Items from a dataset
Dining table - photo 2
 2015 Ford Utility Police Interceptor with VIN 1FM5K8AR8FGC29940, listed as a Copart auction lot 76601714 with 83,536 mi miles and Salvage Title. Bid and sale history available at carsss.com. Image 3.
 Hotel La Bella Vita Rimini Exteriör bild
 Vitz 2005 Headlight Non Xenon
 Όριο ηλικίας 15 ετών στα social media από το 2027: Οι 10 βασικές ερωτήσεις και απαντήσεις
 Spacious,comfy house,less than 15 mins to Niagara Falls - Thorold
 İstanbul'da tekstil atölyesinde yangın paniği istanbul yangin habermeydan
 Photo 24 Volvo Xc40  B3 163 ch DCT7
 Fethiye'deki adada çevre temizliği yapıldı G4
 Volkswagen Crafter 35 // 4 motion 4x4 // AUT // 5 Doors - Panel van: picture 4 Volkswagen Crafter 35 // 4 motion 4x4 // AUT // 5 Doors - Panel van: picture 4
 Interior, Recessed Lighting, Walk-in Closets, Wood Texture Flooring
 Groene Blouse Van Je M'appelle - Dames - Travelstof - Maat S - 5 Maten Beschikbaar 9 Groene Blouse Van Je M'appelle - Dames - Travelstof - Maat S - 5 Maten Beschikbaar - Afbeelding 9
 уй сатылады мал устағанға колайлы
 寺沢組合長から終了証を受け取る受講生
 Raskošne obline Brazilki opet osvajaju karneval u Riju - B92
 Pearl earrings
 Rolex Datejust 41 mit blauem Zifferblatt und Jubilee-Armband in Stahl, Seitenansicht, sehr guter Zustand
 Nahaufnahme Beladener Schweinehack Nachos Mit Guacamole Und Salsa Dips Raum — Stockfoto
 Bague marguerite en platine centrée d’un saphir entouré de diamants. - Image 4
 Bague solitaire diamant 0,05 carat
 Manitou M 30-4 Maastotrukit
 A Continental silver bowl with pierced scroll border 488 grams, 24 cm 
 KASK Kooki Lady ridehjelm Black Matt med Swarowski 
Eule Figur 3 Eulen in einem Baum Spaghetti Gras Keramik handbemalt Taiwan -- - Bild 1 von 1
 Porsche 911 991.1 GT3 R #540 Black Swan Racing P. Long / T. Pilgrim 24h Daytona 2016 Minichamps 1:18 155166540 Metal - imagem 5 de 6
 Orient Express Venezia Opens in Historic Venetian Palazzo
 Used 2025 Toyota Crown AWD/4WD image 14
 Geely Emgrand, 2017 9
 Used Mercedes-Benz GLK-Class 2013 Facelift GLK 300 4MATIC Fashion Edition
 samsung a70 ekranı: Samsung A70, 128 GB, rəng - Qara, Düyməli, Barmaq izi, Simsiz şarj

▸ **TASK OBJECTIVE**
Pull every line containing "Black" out of the data above.

▸ **OUTPUT BELOW**
 KASK Kooki Lady ridehjelm Black Matt med Swarowski 
 Porsche 911 991.1 GT3 R #540 Black Swan Racing P. Long / T. Pilgrim 24h Daytona 2016 Minichamps 1:18 155166540 Metal - imagem 5 de 6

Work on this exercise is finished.